We’re feeling the burn

Student burnout is a far too common occurrence on college campuses.

Hanna Bubser

More stories from Hanna Bubser

Is the walk worth it?
April 17, 2019

I like to make myself coffee in the mornings. Recently, I have noticed that there are always a few grounds that find their way into my mug. I take a sip and find myself with loose granules in my teeth or sticking to the back of my throat. When I first pour the coffee cup, everything is so good…in theory. Warmth and caffeine all wrapped into one convenient beverage, ready to propel my day. I have a strong enough grip on the mug that it won’t spill, and I even make enough coffee for two more full cups.

Everything is in order, until the grounds appear. In that moment, my drink is ruined. It falls apart, and the blame is on me for not perfecting the art of coffee-making. Or maybe the blame was on the quality of my French press. But it always feels like the blame is on me.

Now imagine that coffee mug is a typical student’s Google Calendar. It’s formulaic in its intention. Everything has its place, and everything has its order. The calendar is color-coded and shared with every supervisor or friend that the student deems worthy. Every little component of that schedule works…in theory. But then suddenly, something doesn’t fit. There is no time to squeeze in that doctor’s appointment. Or something goes wrong. That test that was a surefire A actually came back as a D. This perfectly planned life goes awry, and nothing feels the same. It leaves a bad taste in the student’s mouth. A taste of bitter coffee and tough grounds. It’s horrible, it’s overwhelming and it’s tiring. Not surprisingly, it has a name: burnout.

Burnout can manifest in a number of different ways, depending on the student and the circumstances. The website for Florida National University does a great job of breaking burnout down, describing it as “a state of emotional, mental, and physical exhaustion that is caused by excessive and prolonged stress”. If you find yourself with a packed schedule and a laundry list of responsibilities, you could be at risk for burnout. It’s wonderful to have a healthy number of experiences going on at once, especially if they are ones you are excited about, but they can all become difficult to balance in accordance with one another. Homework, leadership roles, extracurriculars and getting to work on time may get to a point where it’s all too much. Perhaps you were overambitious with your Google Calendar. Maybe not everything can work together all of the time.
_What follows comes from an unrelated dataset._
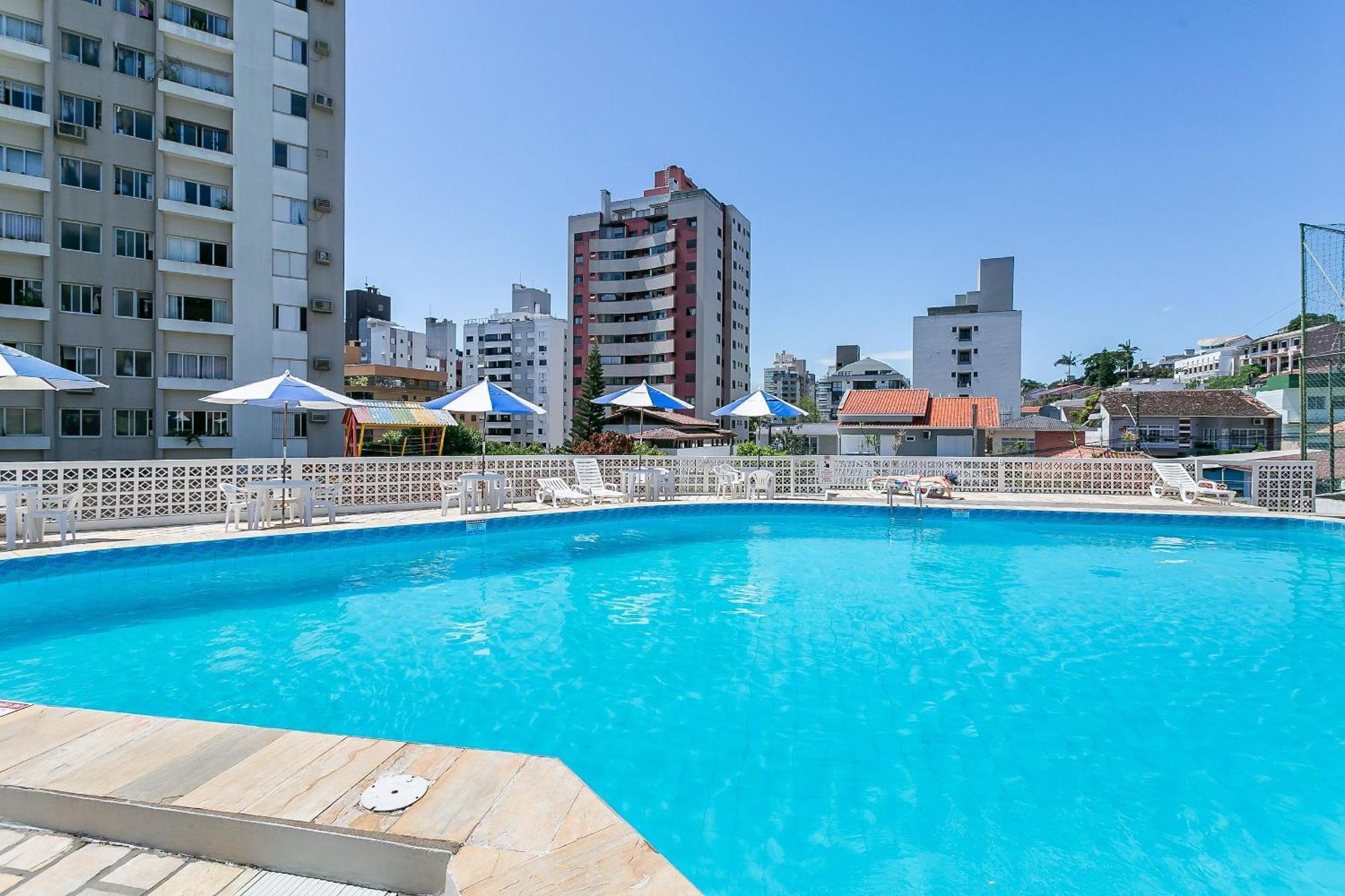 Wi-Fi 200Mb | Vista Parcial Do Mar #Ca28 Apartman Florianópolis Kültér fotó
This is when burnout can sneak in and take over. You could feel yourself drawing back, or being less interested in getting things done. There’s also an overwhelming sense of exhaustion that accompanies it, making you want to press “snooze” a few extra times in the morning. Florida National University discusses how it can drain you “to the point where you may feel like you have nothing more to give.”

First-Year Will Tzavaras says that he hasn’t felt these effects just yet as he rounds out his second semester at Hamline. He has been balancing his commitments as both a student and an athlete.

“I’ve seen my teammates struggle and I don’t want to be in their position,” Tzavaras said. But looking forward, he isn’t sure what the future will hold for him in terms of burnout. “For now, I can’t predict whether it will happen or not.”

What can be done for students like Will who are still at the beginning of their college careers? Is there a way to prevent burnout for them so that they don’t have to face it down the line? Time management can be a huge factor . Students at Hamline do have a reputation for being extremely involved. This isn’t inherently a bad thing, but if it isn’t managed well then it can be. After all, time management is a huge contributor in combating burnout. It’s easy enough to plan out how your schedule is going to look on a daily basis, but is it practical? Is it organized in a fashion that gives you some leeway, time to study or even proper time to sleep? If you want to avoid burnout, prioritizing your time is key.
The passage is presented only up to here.